**INFORMATION**
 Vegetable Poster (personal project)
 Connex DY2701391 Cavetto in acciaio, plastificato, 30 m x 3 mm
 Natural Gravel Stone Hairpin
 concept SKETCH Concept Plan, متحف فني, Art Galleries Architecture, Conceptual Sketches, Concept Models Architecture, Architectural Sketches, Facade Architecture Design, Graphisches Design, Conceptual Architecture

==

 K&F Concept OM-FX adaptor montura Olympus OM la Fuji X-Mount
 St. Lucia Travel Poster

**EXERCISE DIRECTIONS**
From the records above, repeat exactly the lines from the one with "Vegetable Poster (personal project)" through the one with "concept SKETCH Concept", both included.

**ANSWER**
 Vegetable Poster (personal project)
 Connex DY2701391 Cavetto in acciaio, plastificato, 30 m x 3 mm
 Natural Gravel Stone Hairpin
 concept SKETCH Concept Plan, متحف فني, Art Galleries Architecture, Conceptual Sketches, Concept Models Architecture, Architectural Sketches, Facade Architecture Design, Graphisches Design, Conceptual Architecture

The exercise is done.